FlashTalk-compatible WebSocket¶

Path convention: Commands and paths below are relative to the OmniRT repository root (the directory that contains model_backends/ and .omnirt/). cd there first unless a snippet explicitly changes directory. Examples avoid machine-specific absolute paths except for vendor Ascend toolkit defaults.

OmniRT can expose SoulX-FlashTalk through a FlashTalk-compatible WebSocket server for OpenTalking-style realtime avatar clients that speak the init / AUDI / VIDX protocol.

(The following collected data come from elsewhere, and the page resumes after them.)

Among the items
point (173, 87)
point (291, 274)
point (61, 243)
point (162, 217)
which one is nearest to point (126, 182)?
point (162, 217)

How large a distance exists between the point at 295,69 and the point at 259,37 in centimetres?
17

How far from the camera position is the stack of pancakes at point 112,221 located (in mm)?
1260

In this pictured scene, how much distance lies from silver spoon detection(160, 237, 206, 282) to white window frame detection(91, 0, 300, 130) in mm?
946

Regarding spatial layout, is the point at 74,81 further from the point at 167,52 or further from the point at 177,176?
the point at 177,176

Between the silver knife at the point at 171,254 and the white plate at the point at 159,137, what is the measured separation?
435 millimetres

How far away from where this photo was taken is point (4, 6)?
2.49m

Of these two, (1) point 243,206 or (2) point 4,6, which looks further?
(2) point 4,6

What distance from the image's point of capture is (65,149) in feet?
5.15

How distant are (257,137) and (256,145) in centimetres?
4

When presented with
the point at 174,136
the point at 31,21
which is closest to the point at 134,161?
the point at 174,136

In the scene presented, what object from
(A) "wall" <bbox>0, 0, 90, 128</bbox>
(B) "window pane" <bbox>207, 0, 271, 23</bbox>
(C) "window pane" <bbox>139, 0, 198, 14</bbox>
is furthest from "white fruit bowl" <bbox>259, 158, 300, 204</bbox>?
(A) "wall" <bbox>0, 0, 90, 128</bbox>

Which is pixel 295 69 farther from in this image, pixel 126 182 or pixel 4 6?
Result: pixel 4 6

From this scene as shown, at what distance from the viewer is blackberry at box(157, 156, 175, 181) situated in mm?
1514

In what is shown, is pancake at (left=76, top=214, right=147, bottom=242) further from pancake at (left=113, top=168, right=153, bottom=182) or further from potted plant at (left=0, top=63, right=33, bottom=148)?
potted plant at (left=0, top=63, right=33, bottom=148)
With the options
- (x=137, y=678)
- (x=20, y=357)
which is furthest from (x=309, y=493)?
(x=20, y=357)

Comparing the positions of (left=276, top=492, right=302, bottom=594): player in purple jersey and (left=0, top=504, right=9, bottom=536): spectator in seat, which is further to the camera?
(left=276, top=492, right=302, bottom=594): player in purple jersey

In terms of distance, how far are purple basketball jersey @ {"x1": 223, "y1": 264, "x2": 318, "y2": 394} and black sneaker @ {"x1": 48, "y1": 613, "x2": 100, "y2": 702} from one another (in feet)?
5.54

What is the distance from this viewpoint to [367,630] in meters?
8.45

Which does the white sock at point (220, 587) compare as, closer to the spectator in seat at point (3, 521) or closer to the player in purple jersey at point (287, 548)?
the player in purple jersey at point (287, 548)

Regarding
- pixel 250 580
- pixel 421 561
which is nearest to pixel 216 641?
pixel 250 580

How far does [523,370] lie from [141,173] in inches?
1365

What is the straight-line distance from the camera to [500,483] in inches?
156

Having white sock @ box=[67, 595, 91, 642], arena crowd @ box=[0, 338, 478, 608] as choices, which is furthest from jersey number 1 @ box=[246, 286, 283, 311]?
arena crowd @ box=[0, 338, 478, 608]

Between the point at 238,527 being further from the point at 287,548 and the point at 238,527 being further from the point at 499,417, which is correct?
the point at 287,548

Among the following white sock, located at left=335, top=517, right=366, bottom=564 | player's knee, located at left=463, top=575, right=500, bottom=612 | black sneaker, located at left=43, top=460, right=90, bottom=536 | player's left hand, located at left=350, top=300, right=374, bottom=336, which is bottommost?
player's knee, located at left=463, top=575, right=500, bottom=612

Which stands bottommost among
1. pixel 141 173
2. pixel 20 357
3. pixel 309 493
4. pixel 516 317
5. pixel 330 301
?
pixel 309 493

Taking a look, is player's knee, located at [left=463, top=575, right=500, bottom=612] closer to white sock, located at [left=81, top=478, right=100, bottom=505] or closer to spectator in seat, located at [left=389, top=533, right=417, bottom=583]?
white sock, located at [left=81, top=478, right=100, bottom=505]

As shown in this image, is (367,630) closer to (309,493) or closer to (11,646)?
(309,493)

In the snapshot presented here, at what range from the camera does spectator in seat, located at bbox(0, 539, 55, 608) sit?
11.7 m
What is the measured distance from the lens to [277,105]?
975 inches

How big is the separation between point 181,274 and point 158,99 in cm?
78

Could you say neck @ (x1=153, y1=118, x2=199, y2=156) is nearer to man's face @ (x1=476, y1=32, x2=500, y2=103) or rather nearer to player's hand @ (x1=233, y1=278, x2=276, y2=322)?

OmniRT keeps only lightweight entrypoints, manifests, and requirements. The SoulX-FlashTalk checkout, virtualenv, runtime state, and checkpoints are managed by omnirt runtime. By default they live under this checkout:

.omnirt/
  runtimes/flashtalk/ascend/
    venv/
    state.yaml
  model-repos/SoulX-FlashTalk/
    flash_talk/
    models/

To relocate runtime data, pass --home ./runtime-data on omnirt runtime commands or set OMNIRT_HOME=./runtime-data (relative or absolute paths are both fine).

910B Quick Start¶

1. Install or Reinstall the Runtime¶

If checkpoints already sit under the default layout (for example .omnirt/model-repos/SoulX-FlashTalk/models/), pass them as paths relative to the OmniRT root. The installer clones or updates only missing pieces, recreates the venv when requested, and skips existing model directories:

python -m omnirt.cli.main runtime install flashtalk --device ascend \
  --ckpt-dir .omnirt/model-repos/SoulX-FlashTalk/models/SoulX-FlashTalk-14B \
  --wav2vec-dir .omnirt/model-repos/SoulX-FlashTalk/models/chinese-wav2vec2-base \
  --no-update \
  --recreate-venv

If SoulX and weights live elsewhere (for example a sibling checkout ../SoulX-FlashTalk), add --repo-dir and matching checkpoint paths:

python -m omnirt.cli.main runtime install flashtalk --device ascend \
  --repo-dir ../SoulX-FlashTalk \
  --ckpt-dir ../SoulX-FlashTalk/models/SoulX-FlashTalk-14B \
  --wav2vec-dir ../SoulX-FlashTalk/models/chinese-wav2vec2-base \
  --no-update \
  --recreate-venv

If no checkpoints are available yet, run the default install and downloads will go under .omnirt/ in the current OmniRT checkout:

python -m omnirt.cli.main runtime install flashtalk --device ascend

Preview without installing:

python -m omnirt.cli.main runtime install flashtalk --device ascend --dry-run

The old helper script still works as a compatibility wrapper:

bash model_backends/flashtalk/prepare_ascend_910b.sh

SoulX-FlashTalk Ascend compatibility patch (recommended)¶

A plain GitHub checkout of SoulX-FlashTalk is often incompatible with Ascend 910B (xformers / CUDA assumptions). OmniRT ships a single patch under model_backends/flashtalk/patches/soulx-flashtalk-ascend-omnirt.patch that updates the flash_talk/ tree (NPU attention path, default realtime infer_params.yaml, and more).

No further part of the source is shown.